Search code examples
arraysrstringtrimdata-manipulation

Trim strings in the column with same pattern


I have a column populated with string with same pattern *.stage1. I want to grab every string, copy every string to another column as a bullet point; trim out ".stage1" and populate the first column with the every character before ".stage1".

This will save a lot of time, can you suggest a package that can help me create this script?

Thanks, Mago


Solution

  • Copying the column should not be an issue. You can make the altered version with sub.

    ## Some sample data
    df = data.frame(x = paste0("A", 1:9, ".stage1"))
    > df
              x
    1 A1.stage1
    2 A2.stage1
    3 A3.stage1
    4 A4.stage1
    5 A5.stage1
    6 A6.stage1
    7 A7.stage1
    8 A8.stage1
    9 A9.stage1
    
    df$x2 = df$x
    df$x = sub("(.*)\\.stage1", "\\1", df$x)
    df
       x        x2
    1 A1 A1.stage1
    2 A2 A2.stage1
    3 A3 A3.stage1
    4 A4 A4.stage1
    5 A5 A5.stage1
    6 A6 A6.stage1
    7 A7 A7.stage1
    8 A8 A8.stage1
    9 A9 A9.stage1
    

    Some extra detail on the sub statement.
    sub will replace everything matching the first expression with the second one. What are those expressions?

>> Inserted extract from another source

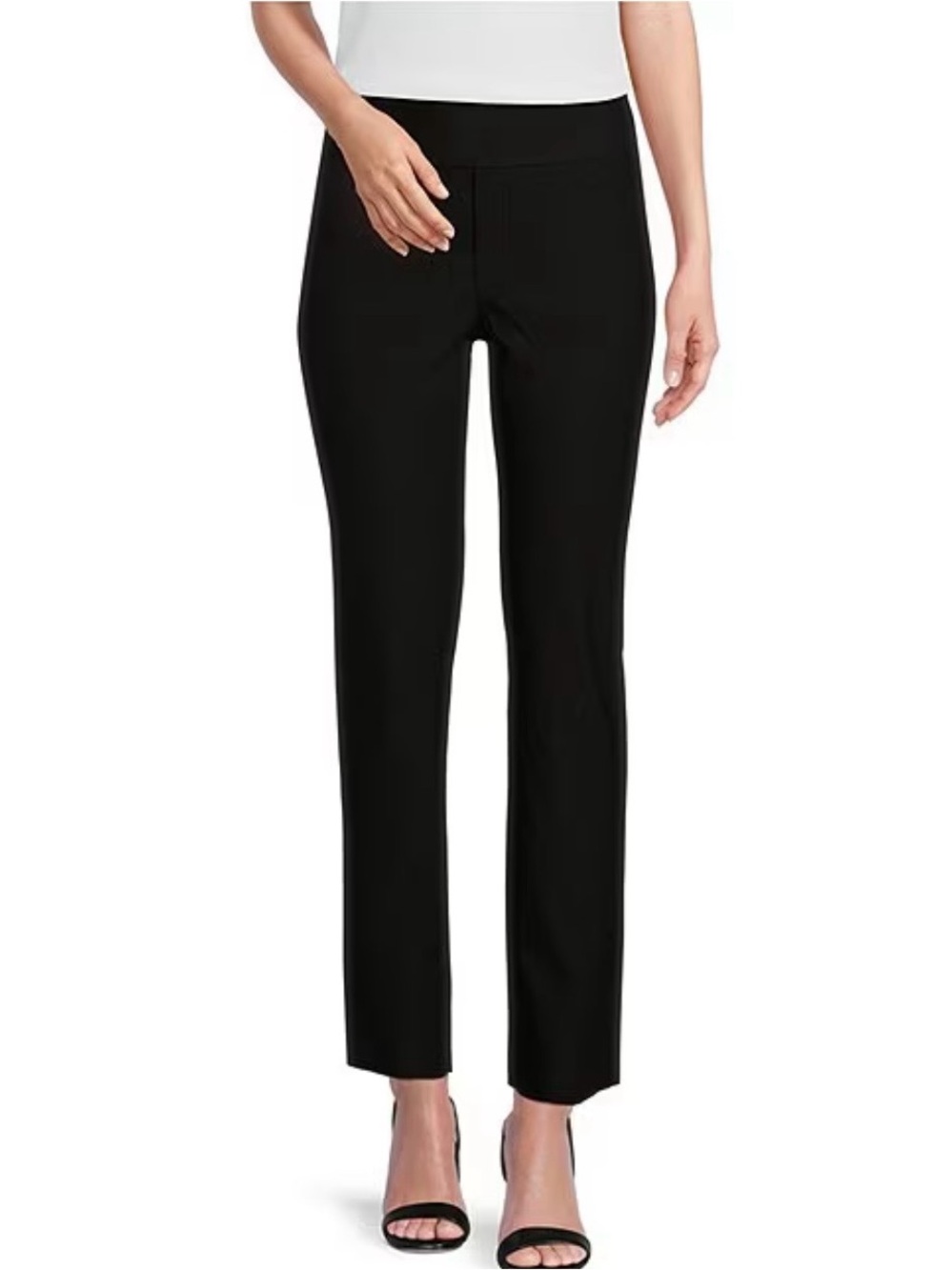 Nic & Zoe wonderstretch Classic Straight Leg pull on Pants in Taupe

    First expression: "(.*)\\.stage1"
    . matches any character.
    .* matches any number of characters.
    Because .* is in parentheses, whatever it matches will be stored in a variable called \1.
    So "(.*)\\.stage1" will match the string ".stage1" and everything before it storing the characters before .stage1 in \1.

    Second expression: "\\1"
    We want to replace this with just the characters before, so the replacement string is "\\1".